Selma is the story revolving around Martin Luther King, Jr., and his historic march in Alabama in the height of the Civil Rights movement in 1965. Like any film, certain liberties were taken with fact in order to intensify dramatic tension.
Here are some facts and the fictions from the movie…
MLK AND LBJ
Fiction: Martin Luther King visits with President Johnson after a church bombing in Alabama and implores him to shift focus to the violence in the South. Johnson bristles at the notion at first, and the two battle it out until the very end of the film.
Fact: According to several LBJ historians, the president was much more openminded to the problems facing African Americans in the south. Several phone exchanges show Johnson being much more productive in conversations.
KING’S MARRIAGE
Fiction: Coretta King was sent evidence of her husband’s infidelity by the FBI, apparently directly from headquarters.
Fact: While the FBI did send incriminating photos of MLK, none of them came directly from headquarters, or the president.
CHURCH BOMBING
Fiction: After King (David Oyelowo) accepts the Nobel Peace Prize in Oslo, a terrorist bombing of a black church in Birmingham kills four girls.

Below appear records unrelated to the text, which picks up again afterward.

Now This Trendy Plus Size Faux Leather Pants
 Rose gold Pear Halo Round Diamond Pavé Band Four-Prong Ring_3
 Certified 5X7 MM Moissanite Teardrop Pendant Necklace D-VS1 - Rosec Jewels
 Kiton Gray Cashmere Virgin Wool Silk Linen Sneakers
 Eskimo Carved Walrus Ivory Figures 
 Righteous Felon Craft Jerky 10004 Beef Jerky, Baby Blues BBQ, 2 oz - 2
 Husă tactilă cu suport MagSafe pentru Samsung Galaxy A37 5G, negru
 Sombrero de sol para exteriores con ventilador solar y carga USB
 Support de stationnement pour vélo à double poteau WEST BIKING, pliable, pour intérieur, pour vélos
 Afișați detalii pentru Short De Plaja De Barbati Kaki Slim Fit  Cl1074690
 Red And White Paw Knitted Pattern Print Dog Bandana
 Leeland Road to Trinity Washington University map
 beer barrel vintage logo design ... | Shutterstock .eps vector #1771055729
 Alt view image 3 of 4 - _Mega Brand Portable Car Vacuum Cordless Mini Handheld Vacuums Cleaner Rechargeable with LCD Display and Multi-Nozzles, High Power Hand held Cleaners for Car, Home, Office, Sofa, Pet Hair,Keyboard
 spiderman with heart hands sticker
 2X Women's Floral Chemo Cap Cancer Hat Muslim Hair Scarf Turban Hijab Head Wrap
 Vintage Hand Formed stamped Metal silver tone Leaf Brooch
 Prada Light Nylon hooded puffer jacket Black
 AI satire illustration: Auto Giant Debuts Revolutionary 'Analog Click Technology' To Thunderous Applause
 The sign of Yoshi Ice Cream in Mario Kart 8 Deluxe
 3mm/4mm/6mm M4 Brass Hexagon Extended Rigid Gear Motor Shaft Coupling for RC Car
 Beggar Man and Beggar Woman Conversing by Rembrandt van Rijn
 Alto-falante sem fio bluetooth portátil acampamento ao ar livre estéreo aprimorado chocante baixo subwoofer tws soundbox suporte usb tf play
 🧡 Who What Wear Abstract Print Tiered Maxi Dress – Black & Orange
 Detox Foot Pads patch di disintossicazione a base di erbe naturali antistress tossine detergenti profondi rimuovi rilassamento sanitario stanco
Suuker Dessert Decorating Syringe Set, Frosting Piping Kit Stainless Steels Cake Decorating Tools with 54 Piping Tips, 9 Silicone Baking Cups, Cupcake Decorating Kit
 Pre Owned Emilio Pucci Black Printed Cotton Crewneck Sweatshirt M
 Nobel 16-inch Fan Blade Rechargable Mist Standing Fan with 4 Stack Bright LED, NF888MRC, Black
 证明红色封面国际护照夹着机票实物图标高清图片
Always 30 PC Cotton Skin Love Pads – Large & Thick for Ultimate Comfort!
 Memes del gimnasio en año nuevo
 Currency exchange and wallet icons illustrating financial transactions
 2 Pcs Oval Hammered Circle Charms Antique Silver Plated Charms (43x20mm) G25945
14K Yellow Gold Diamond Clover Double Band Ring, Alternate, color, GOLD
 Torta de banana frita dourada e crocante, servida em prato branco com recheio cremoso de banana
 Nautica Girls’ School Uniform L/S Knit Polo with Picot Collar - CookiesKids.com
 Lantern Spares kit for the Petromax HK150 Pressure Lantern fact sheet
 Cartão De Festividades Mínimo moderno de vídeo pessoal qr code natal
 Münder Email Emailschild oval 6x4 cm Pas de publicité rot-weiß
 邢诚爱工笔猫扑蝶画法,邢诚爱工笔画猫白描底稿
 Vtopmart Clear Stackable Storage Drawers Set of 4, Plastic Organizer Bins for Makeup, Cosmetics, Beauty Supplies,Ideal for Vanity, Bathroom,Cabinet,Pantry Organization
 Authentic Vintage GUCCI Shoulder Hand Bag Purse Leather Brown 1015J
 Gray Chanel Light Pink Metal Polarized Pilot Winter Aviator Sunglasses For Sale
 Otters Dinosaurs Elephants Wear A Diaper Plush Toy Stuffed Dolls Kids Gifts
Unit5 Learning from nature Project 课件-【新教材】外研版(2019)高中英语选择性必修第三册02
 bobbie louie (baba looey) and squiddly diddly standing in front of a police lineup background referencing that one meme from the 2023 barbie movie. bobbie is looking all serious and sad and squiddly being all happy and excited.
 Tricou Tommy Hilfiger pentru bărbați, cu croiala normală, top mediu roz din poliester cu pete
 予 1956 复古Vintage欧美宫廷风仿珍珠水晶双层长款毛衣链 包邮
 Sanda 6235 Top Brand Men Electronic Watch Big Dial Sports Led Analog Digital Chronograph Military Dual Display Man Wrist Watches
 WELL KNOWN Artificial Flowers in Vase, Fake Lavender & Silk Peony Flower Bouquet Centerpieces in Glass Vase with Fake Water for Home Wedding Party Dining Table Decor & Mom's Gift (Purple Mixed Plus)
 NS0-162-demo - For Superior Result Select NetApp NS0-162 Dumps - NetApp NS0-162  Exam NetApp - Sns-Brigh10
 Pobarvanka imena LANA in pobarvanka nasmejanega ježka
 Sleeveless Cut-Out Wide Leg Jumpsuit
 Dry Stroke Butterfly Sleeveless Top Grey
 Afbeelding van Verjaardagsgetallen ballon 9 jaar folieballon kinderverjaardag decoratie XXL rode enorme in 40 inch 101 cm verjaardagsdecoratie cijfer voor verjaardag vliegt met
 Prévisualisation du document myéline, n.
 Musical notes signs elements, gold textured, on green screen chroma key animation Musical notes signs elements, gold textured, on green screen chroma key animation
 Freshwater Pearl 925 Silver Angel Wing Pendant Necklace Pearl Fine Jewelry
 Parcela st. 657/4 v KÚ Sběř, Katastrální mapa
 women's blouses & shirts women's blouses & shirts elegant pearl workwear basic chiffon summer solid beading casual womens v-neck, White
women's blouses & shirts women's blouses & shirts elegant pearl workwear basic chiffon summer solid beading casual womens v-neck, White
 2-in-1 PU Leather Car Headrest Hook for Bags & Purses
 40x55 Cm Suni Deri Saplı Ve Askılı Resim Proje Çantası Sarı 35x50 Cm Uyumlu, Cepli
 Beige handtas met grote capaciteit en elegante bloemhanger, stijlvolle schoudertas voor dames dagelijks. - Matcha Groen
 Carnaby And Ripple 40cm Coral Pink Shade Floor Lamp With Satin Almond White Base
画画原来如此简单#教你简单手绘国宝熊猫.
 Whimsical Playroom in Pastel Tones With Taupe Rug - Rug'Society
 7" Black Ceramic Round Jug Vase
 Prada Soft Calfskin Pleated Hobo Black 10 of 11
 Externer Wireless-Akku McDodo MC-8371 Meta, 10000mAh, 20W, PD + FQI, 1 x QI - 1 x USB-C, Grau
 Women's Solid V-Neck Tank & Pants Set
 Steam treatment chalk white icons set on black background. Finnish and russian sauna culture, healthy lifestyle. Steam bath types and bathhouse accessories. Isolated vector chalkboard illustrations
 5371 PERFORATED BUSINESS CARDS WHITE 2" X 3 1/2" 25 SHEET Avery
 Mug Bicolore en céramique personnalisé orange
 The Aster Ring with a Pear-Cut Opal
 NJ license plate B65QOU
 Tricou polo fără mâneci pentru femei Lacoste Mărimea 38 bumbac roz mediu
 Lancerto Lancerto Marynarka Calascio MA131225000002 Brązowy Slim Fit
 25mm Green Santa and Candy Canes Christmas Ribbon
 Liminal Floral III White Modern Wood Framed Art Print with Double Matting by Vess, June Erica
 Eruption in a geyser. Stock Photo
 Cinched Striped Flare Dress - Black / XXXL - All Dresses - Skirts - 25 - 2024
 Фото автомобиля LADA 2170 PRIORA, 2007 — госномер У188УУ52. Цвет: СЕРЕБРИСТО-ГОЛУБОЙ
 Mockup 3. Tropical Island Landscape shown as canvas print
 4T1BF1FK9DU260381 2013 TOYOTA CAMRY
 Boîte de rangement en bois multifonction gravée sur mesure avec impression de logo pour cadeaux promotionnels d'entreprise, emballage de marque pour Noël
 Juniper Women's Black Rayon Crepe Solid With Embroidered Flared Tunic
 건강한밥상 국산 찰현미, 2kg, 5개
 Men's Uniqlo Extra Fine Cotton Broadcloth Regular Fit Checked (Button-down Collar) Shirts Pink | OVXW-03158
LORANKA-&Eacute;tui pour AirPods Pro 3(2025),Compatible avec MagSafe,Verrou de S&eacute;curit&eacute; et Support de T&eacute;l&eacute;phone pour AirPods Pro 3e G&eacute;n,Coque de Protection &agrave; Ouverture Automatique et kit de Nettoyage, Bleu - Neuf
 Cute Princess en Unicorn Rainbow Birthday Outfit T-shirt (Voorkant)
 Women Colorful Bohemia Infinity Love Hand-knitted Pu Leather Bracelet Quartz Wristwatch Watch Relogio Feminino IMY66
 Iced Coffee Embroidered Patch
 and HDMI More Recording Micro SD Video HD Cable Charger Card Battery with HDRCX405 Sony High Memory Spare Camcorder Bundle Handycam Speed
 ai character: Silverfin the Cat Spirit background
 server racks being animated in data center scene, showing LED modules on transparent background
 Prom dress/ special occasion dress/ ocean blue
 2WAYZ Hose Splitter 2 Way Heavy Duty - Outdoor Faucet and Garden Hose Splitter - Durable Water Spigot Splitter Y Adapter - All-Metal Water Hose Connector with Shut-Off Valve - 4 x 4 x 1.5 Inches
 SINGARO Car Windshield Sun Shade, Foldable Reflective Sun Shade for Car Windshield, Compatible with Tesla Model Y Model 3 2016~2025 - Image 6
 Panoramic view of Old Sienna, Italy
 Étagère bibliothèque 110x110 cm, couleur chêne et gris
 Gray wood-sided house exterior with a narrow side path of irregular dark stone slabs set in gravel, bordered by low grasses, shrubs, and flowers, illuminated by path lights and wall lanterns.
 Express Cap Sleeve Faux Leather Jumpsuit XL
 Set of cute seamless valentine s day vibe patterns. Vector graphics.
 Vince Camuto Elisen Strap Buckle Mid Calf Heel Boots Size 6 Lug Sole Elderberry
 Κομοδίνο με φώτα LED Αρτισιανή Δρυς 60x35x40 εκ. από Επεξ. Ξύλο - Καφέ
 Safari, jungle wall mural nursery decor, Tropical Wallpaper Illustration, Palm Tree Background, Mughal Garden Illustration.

Fact: The church bombing happened over a year earlier, in September of 1963 compared to December, 1964.
JIMMIE LEE JACKSON
Fiction: Jimmie Lee Jackson (Keith Stanfield) is murdered by an Alabama state trooper while trying to protect his mother and grandfather from being beaten during a nighttime march in Marion, Alabama.
Fact: Jackson was shot twice by a trooper inside a restaurant he and his mother and grandfather had slipped into after their nighttime march on Feb. 18, 1965 was violently set upon by police and vigilantes. He did not die on the floor of the restaurant but stumbled back outside and was beaten to death.